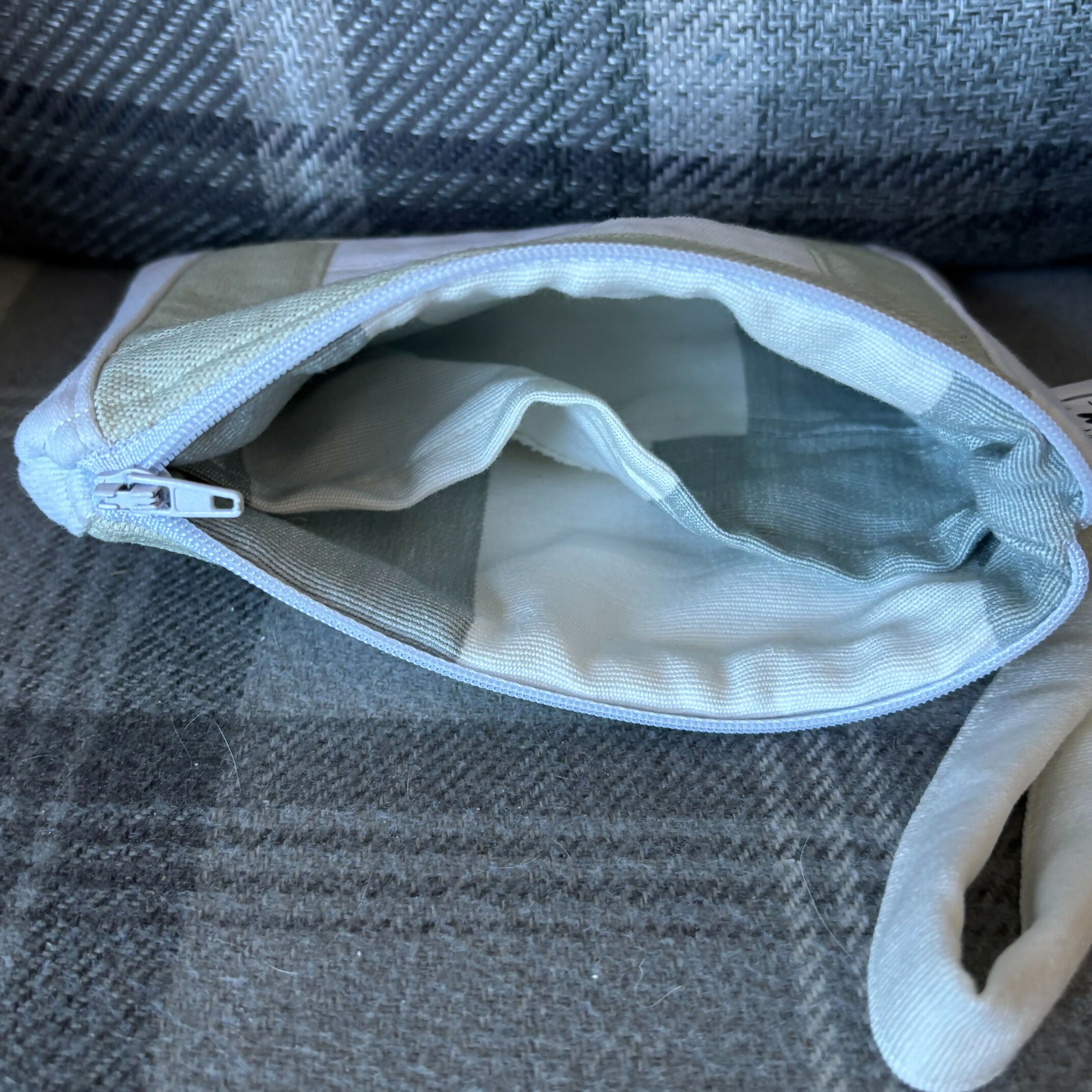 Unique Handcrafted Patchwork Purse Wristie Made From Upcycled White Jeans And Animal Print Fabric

----

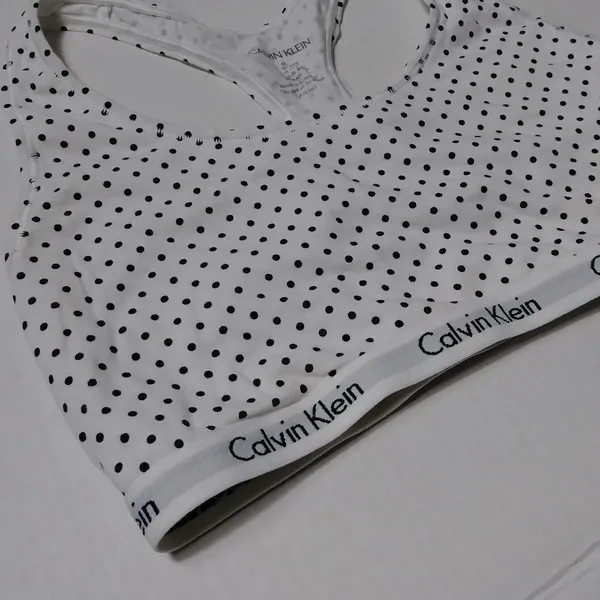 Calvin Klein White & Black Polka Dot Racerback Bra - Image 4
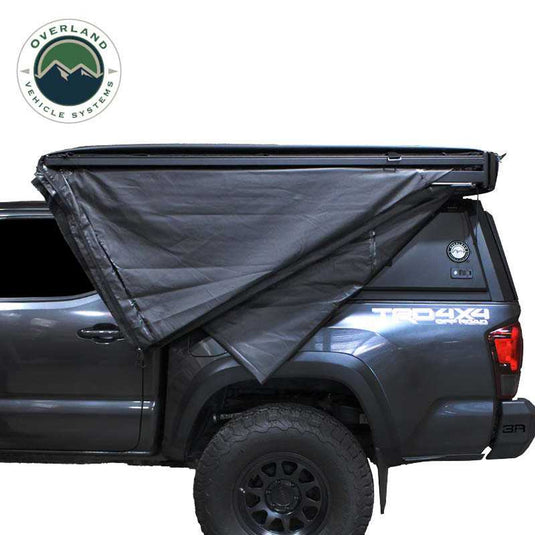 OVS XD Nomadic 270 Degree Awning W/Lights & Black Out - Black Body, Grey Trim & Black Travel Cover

----

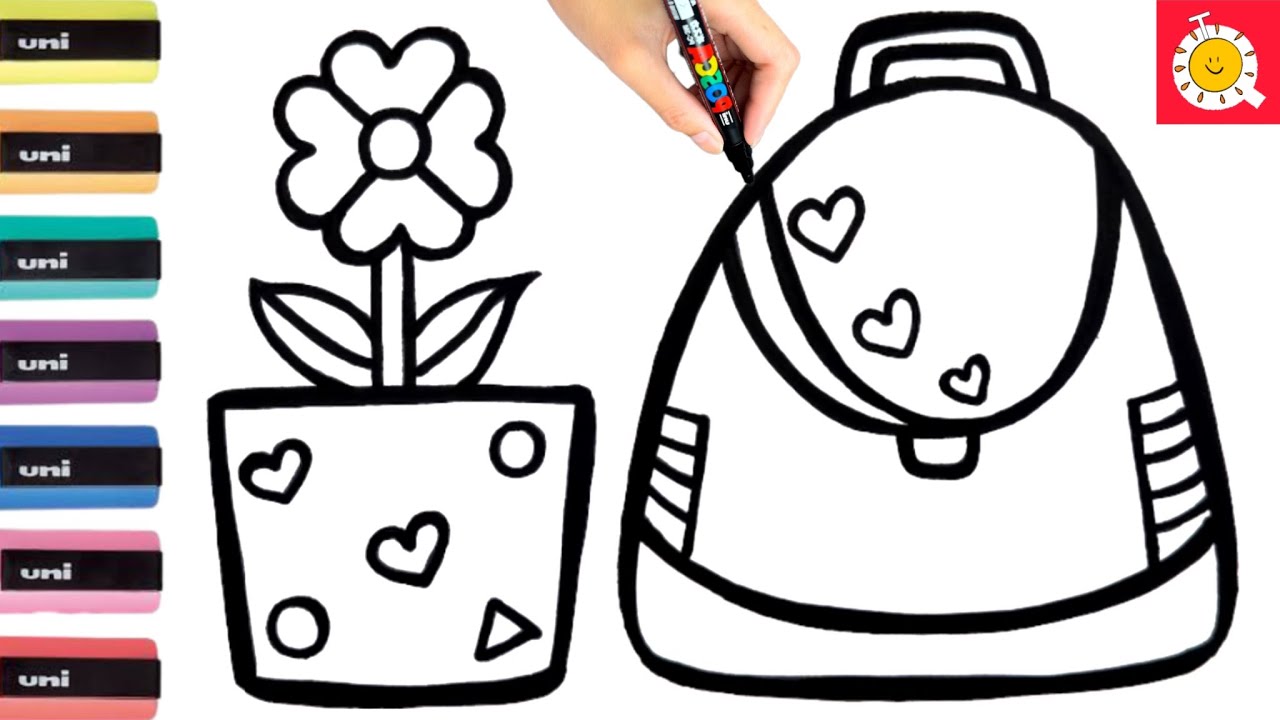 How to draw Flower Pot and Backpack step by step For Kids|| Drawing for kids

----

- [What is expected]
Now transcribe the lines above exactly, starting at the line containing "Calvin Klein White" and ending at the line containing "OVS XD Nomadic", both lines included, pictures excluded.

- [Output of the task]
 Calvin Klein White & Black Polka Dot Racerback Bra - Image 4
 OVS XD Nomadic 270 Degree Awning W/Lights & Black Out - Black Body, Grey Trim & Black Travel Cover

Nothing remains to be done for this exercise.